WHAT IS REQUIRED:
Once the line containing "Oruç Reis Berber 2" appears, output it and each remaining line of the records below exactly, with no pictures and nothing more.

○ ○ ○ ○ ○ ○ ○

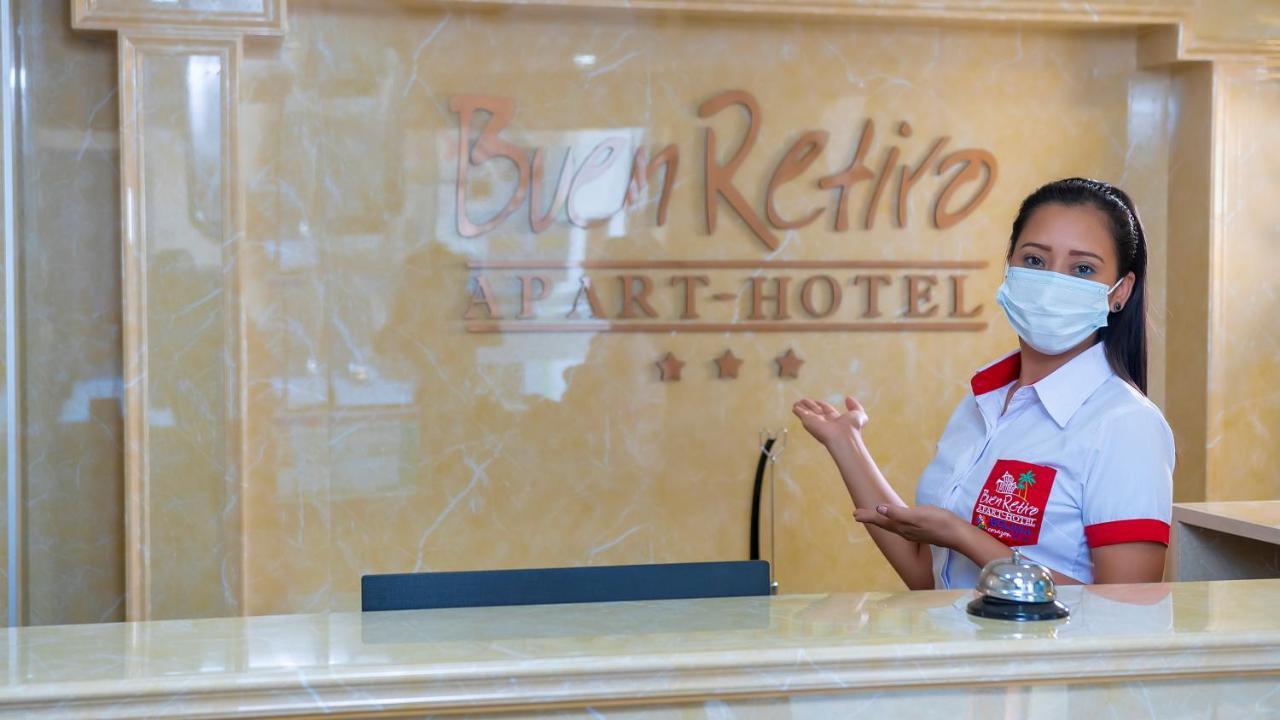 Buen Retiro Apart Hotel Santa Cruz de La Sierra Dış mekan fotoğraf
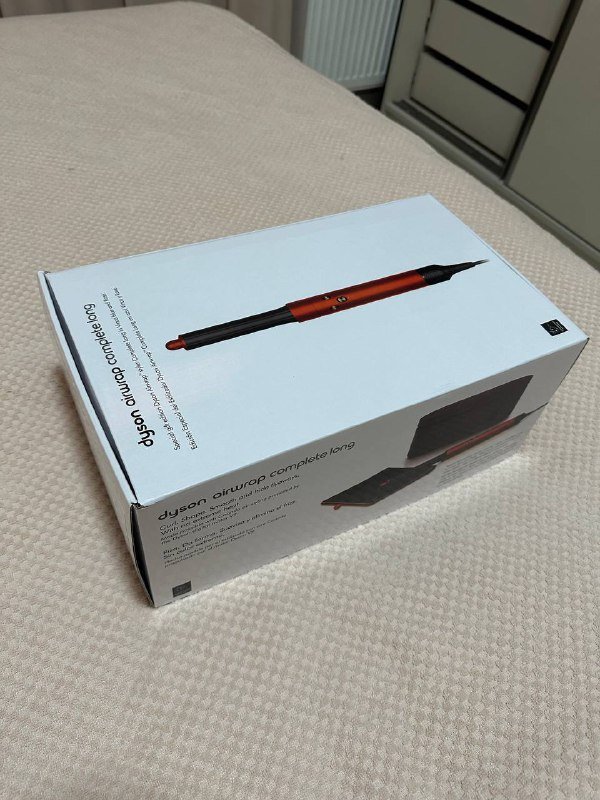 Dyson Airwrap Multi-Styler Orange Topaz 3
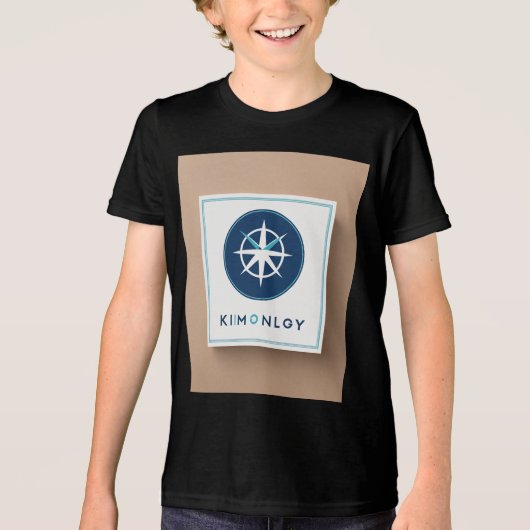 ChatGPTあなたが言った： TシャツのタイトルChatGPT言った： Ch トライブレンドＴシャツ (正面)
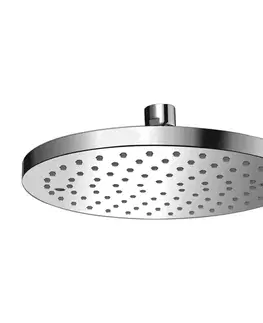 Kúpeľňové batérie OMNIRES - OCEAN dažďová sprcha, o25 cm chróm /CR/ WGR125CR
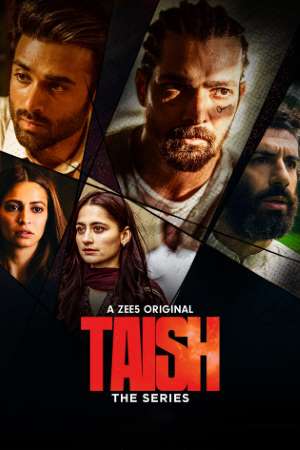 Download Taish (2020) S01 Hindi ZEE5 WEB Series 480p | 720p WEB-DL ESub Download Taish (2020) S01 Hindi ZEE5 WEB Series 480p | 720p WEB-DL ESub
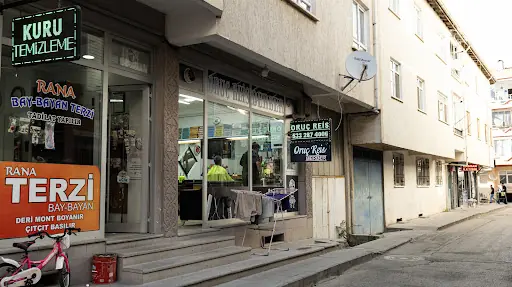 Oruç Reis Berber 2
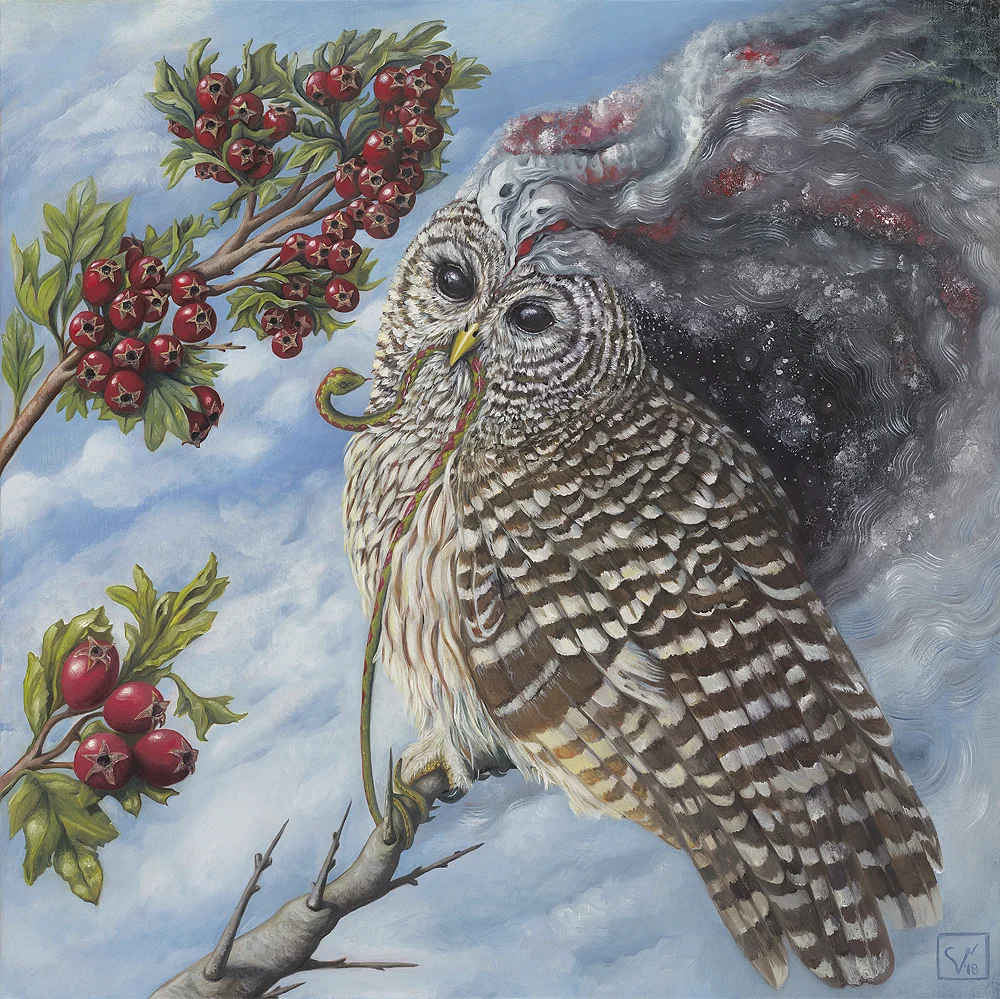 Fructus Mortis (Giclée Prints)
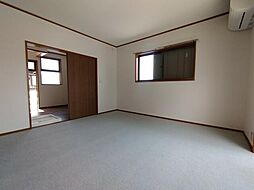 ニチユウサンハイツD棟 1階1Kのリビング/ダイニング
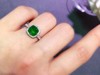 2.5ct 祖母绿戒指 商品缩略图5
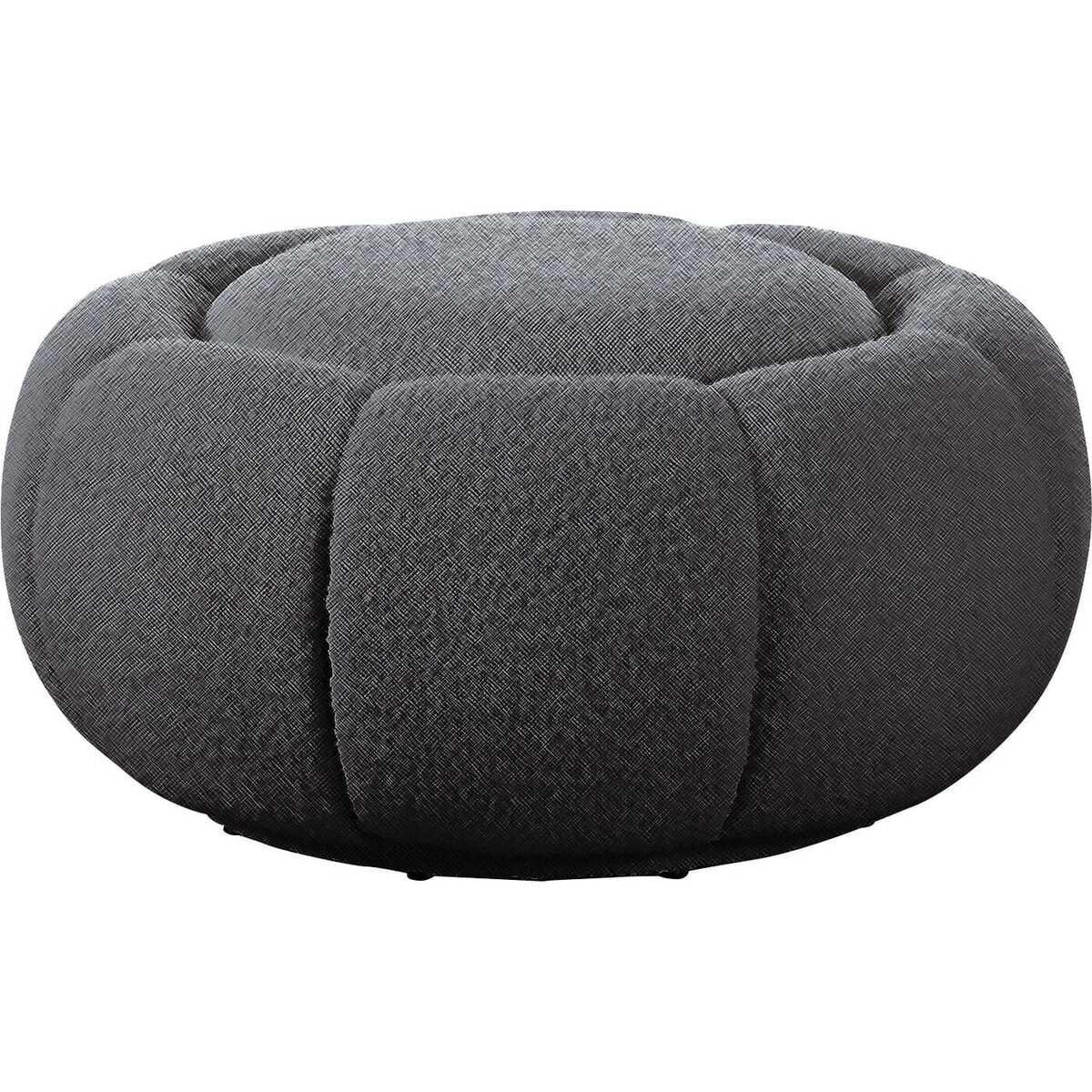 KARE Design Hocker Peppo Bloom Melange rund 72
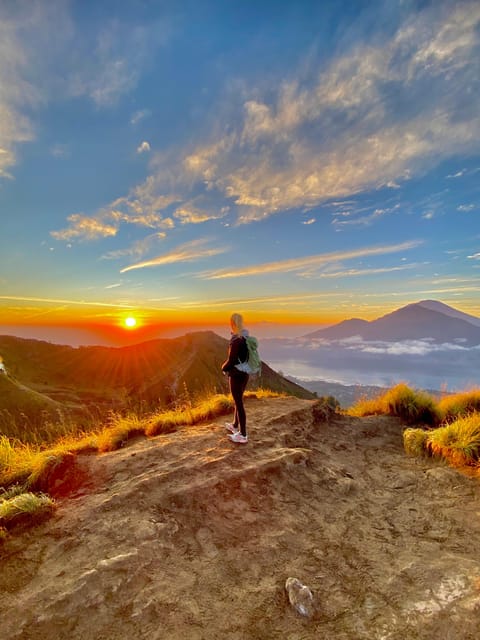 Bali Sunrise Trekking & Breakfast - Location and Duration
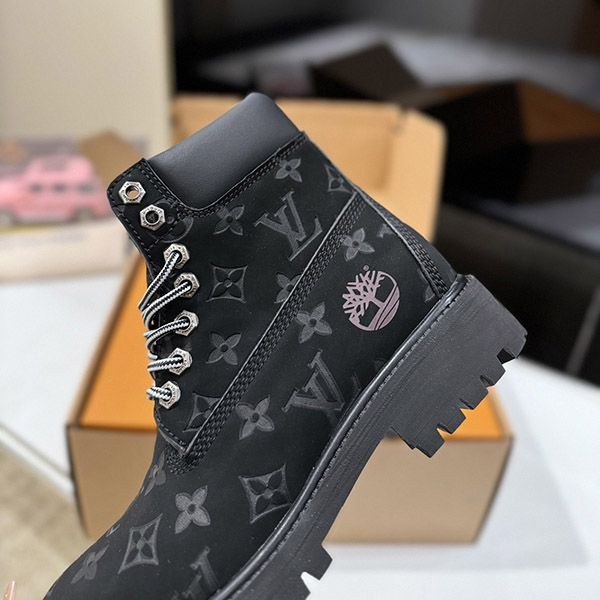 ルイヴィトン × Timberland 6インチブーツ vux92960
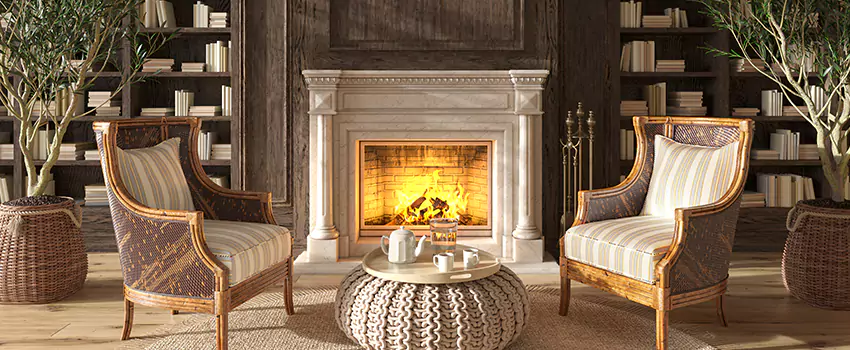 Fireplace Conversion Cost in Oro Valley, Arizona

○ ○ ○ ○ ○ ○ ○

EXERCISE RESULT:
 Oruç Reis Berber 2
 Fructus Mortis (Giclée Prints)
 ニチユウサンハイツD棟 1階1Kのリビング/ダイニング
 2.5ct 祖母绿戒指 商品缩略图5
 KARE Design Hocker Peppo Bloom Melange rund 72
 Bali Sunrise Trekking & Breakfast - Location and Duration
 ルイヴィトン × Timberland 6インチブーツ vux92960
 Fireplace Conversion Cost in Oro Valley, Arizona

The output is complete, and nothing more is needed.